• _What you need to do_
Would you please print exactly the lines that run from the one with "اسکانیا G410 مدل۹۷" to the last line of the data, both included, without any pictures?

• _Stored data_
__________

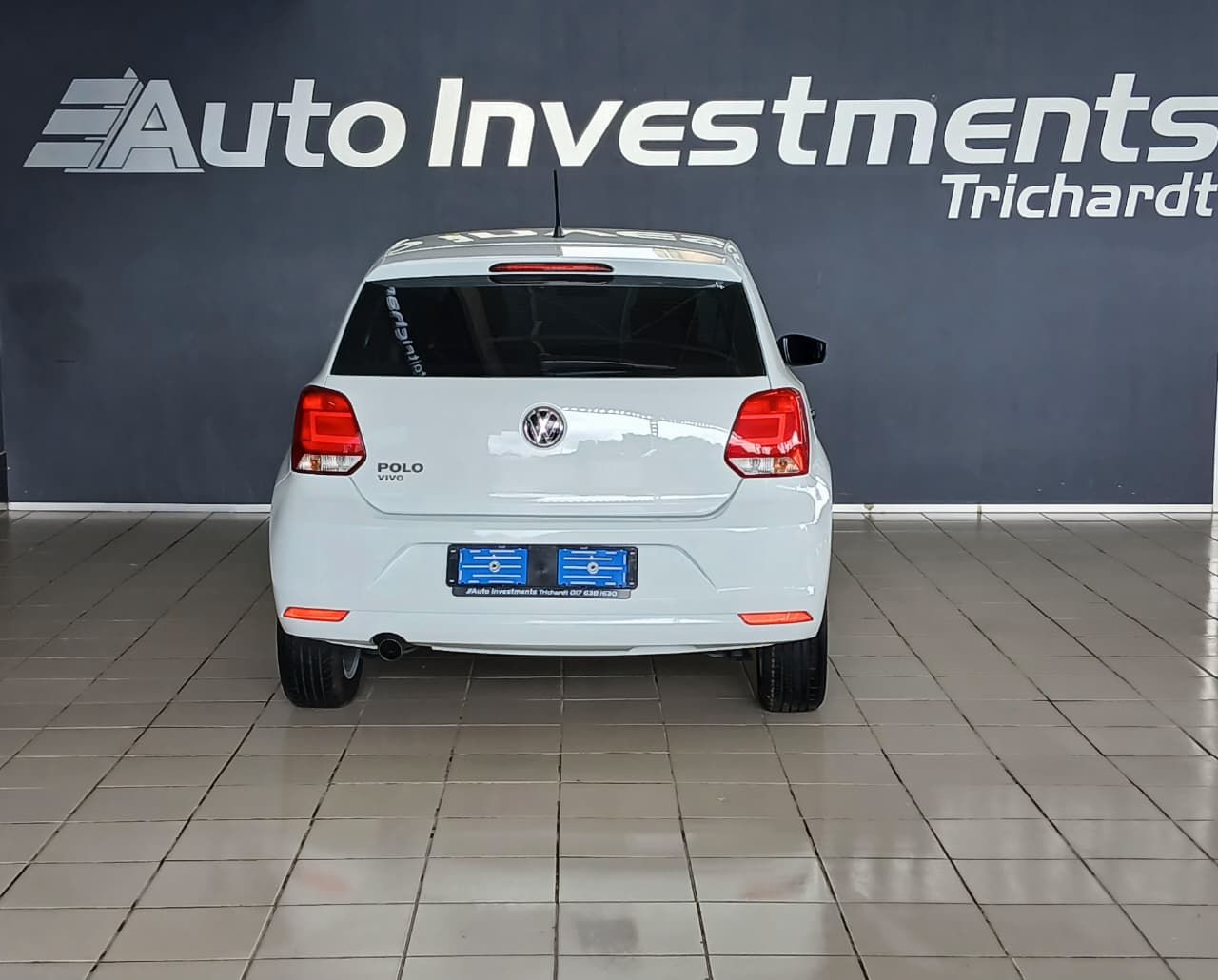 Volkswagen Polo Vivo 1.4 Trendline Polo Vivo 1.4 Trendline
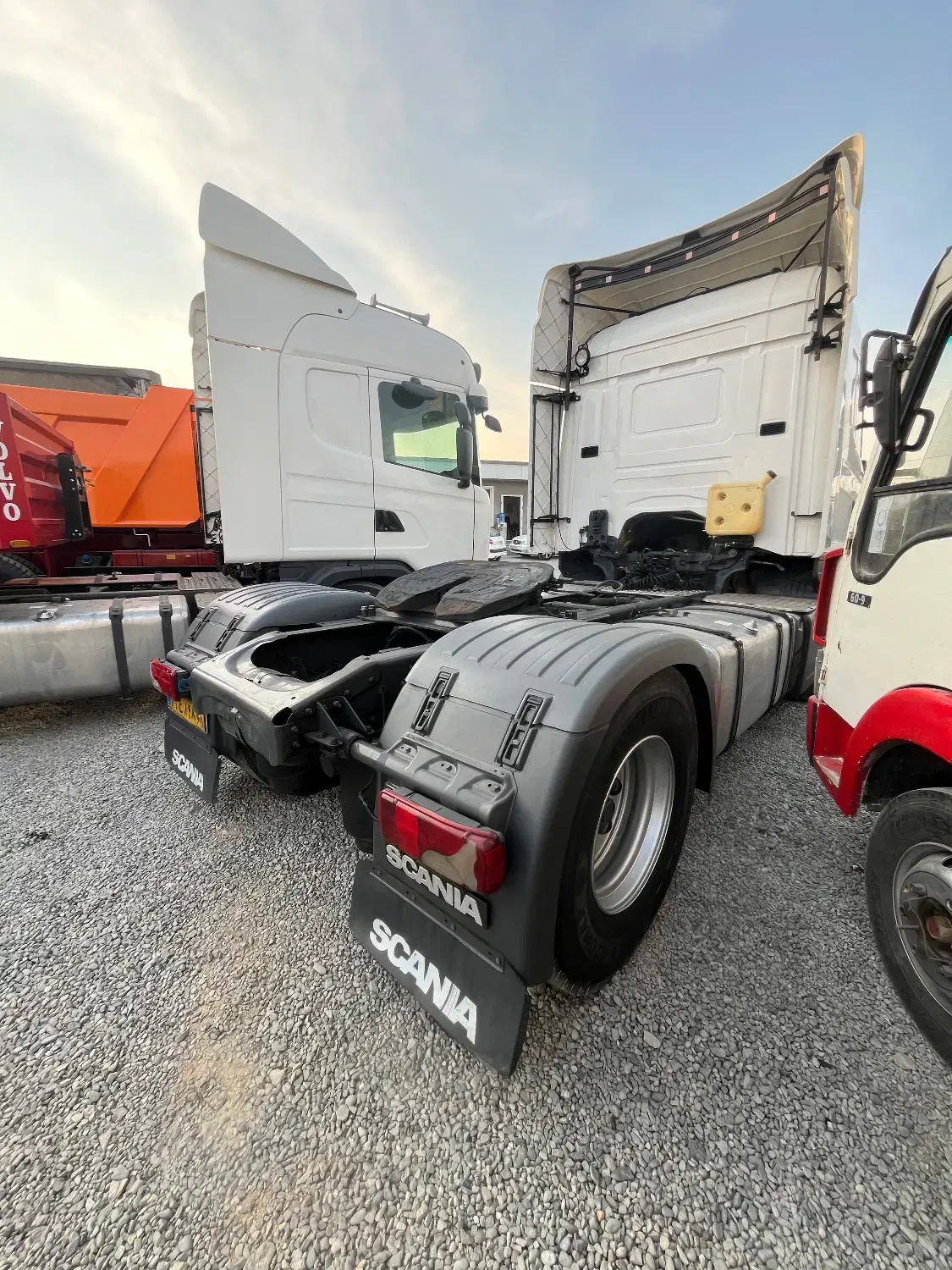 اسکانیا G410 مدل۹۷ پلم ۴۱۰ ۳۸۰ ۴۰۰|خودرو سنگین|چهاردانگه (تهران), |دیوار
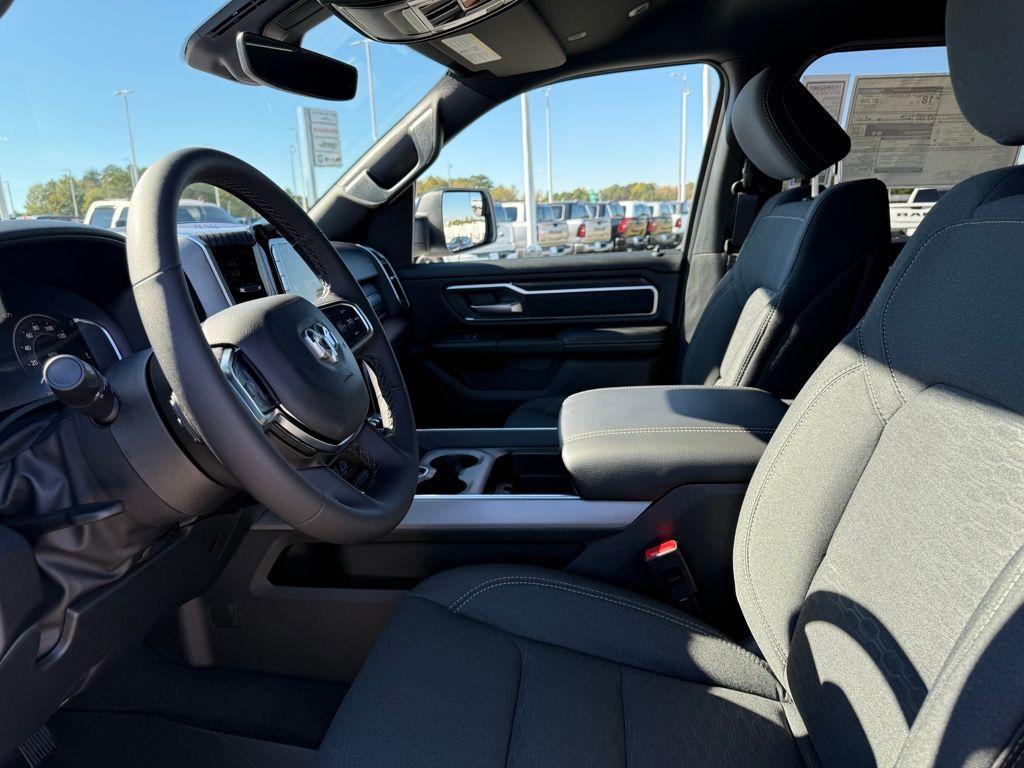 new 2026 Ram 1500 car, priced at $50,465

__________

• _Output for this task_
 اسکانیا G410 مدل۹۷ پلم ۴۱۰ ۳۸۰ ۴۰۰|خودرو سنگین|چهاردانگه (تهران), |دیوار
 new 2026 Ram 1500 car, priced at $50,465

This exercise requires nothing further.